En noviembre de 2001, la UNESCO emitió la «Declaración Universal sobre la Diversidad Cultural» (DUDC) para contribuir a preservar y promover la diversidad cultural en todo el mundo. La DUDC aspira a mejorar el reconocimiento de la diversidad cultural, la conciencia de la unidad de la humanidad y el desarrollo de los intercambios interculturales. Además, la DUDC estipula que la UNESCO tiene la responsabilidad de promover los principios enunciados en la declaración, facilitar un plan de acción para la aplicación de esos principios y servir de punto de referencia y foro para los Estados y las organizaciones no gubernamentales que deseen instituir políticas en favor de la diversidad cultural.

Recordando que el Preámbulo de la Constitución de la UNESCO afirma «que la amplia difusión de la cultura y la educación de la humanidad para la justicia, la libertad y la paz son indispensables a la dignidad del hombre

Recordando además el artículo I de la Constitución, que asigna a la UNESCO, entre otros fines, el de recomendar «los acuerdos internacionales que estime convenientes para facilitar la libre circulación de las ideas por medio de la palabra y de la imagen»,

declaración universal de los derechos humanos

Este documento analiza cómo tres convenciones de la UNESCO actúan como palancas para el desarrollo y el fortalecimiento de las sociedades. Se trata de la Convención del Patrimonio Mundial (1972), la Convención para la Salvaguardia del Patrimonio Cultural Inmaterial (2003) y la Convención sobre la Protección y Promoción de la Diversidad de las Expresiones Culturales (2005a)[2]. Tras examinar la finalidad y el contexto específicos en los que se creó cada Convención a lo largo de más de 30 años, el documento analiza las sinergias entre las tres y la contribución de cada una de ellas a unas sociedades más resistentes y sostenibles. La evidencia sugiere que, a pesar de sus diferentes propósitos y contextos, estas tres convenciones de la UNESCO, en conjunto, sirven para reforzar el desarrollo de las sociedades.

Cabe recordar que la UNESCO se creó para responder a las consecuencias destructivas de la guerra y a la necesidad de reconstruir las sociedades. Con un mandato en los ámbitos de la educación, la ciencia y la cultura, la UNESCO constituye un punto de referencia para la creación de normas internacionales en estos campos, para el desarrollo de la capacidad técnica y para el fomento de la cooperación internacional. En los primeros años, existía el optimismo de que la UNESCO podría ayudar a construir una sociedad internacional sólida.

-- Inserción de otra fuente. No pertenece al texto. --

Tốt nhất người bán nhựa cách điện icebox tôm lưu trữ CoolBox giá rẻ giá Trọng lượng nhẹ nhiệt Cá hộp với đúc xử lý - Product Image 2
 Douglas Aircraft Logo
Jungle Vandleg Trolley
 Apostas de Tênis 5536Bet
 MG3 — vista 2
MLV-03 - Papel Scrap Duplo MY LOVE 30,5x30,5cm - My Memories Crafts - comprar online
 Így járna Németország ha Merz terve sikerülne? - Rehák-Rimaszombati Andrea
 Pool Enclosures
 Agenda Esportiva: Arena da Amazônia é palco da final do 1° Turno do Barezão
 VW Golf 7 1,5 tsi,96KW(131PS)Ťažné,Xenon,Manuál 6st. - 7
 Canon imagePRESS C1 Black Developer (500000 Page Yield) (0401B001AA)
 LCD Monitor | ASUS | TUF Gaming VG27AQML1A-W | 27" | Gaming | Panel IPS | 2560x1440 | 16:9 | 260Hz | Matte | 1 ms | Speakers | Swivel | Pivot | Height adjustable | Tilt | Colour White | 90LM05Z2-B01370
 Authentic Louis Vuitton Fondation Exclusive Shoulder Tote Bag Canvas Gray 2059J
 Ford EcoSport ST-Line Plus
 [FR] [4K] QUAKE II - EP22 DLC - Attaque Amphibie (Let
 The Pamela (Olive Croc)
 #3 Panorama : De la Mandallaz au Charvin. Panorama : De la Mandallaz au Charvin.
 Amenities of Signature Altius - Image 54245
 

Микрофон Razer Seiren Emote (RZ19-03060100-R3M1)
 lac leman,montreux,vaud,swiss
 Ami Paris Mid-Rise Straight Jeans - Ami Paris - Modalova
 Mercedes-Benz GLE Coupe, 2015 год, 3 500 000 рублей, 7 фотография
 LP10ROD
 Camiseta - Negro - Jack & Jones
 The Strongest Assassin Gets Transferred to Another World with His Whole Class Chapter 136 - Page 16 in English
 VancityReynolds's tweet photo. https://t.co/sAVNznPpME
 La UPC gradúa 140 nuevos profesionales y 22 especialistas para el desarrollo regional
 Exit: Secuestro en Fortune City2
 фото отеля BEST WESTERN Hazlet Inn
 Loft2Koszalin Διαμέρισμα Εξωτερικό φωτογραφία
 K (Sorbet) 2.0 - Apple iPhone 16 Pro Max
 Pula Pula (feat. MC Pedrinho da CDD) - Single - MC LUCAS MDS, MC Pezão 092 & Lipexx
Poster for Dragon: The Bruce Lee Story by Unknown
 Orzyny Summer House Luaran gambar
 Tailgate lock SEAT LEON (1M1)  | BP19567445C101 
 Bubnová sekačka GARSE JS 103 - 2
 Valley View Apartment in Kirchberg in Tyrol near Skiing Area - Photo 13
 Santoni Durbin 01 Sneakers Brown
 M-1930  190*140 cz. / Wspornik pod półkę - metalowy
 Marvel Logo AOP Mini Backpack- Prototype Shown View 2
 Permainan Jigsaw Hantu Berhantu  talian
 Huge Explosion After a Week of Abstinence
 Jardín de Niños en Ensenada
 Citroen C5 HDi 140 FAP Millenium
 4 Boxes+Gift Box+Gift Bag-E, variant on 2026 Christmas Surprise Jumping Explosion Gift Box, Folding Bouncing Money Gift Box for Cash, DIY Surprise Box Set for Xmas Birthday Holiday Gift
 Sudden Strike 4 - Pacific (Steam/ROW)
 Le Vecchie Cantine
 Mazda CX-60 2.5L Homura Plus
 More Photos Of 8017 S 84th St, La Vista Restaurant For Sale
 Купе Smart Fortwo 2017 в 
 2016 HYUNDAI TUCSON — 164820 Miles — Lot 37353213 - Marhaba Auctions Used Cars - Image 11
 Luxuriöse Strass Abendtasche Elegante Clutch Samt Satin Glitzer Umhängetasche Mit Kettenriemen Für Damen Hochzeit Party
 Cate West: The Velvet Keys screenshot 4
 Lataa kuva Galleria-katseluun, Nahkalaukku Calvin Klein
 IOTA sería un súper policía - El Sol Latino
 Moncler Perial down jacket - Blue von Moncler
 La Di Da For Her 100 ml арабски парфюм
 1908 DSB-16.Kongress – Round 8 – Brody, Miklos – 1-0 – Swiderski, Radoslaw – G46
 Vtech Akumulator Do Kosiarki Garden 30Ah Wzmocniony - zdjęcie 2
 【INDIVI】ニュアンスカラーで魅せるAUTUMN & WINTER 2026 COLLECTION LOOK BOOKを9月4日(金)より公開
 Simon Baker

Esto explica la oleada de instrumentos normativos que se adoptaron, entre ellos las recomendaciones sobre excavaciones arqueológicas (UNESCO, 1956), paisajes (UNESCO, 1962) y bienes culturales en peligro por obras públicas o privadas (UNESCO, 1968), así como la Convención para la Protección de los Bienes Culturales en caso de Conflicto Armado (1954) y la Convención sobre las Medidas que Deben Adoptarse para Prohibir e Impedir la Importación, la Exportación y la Transferencia de Propiedad Ilícitas de Bienes Culturales (1970). Cada recomendación y convención surgió en su propio contexto específico en respuesta a cuestiones importantes de su época.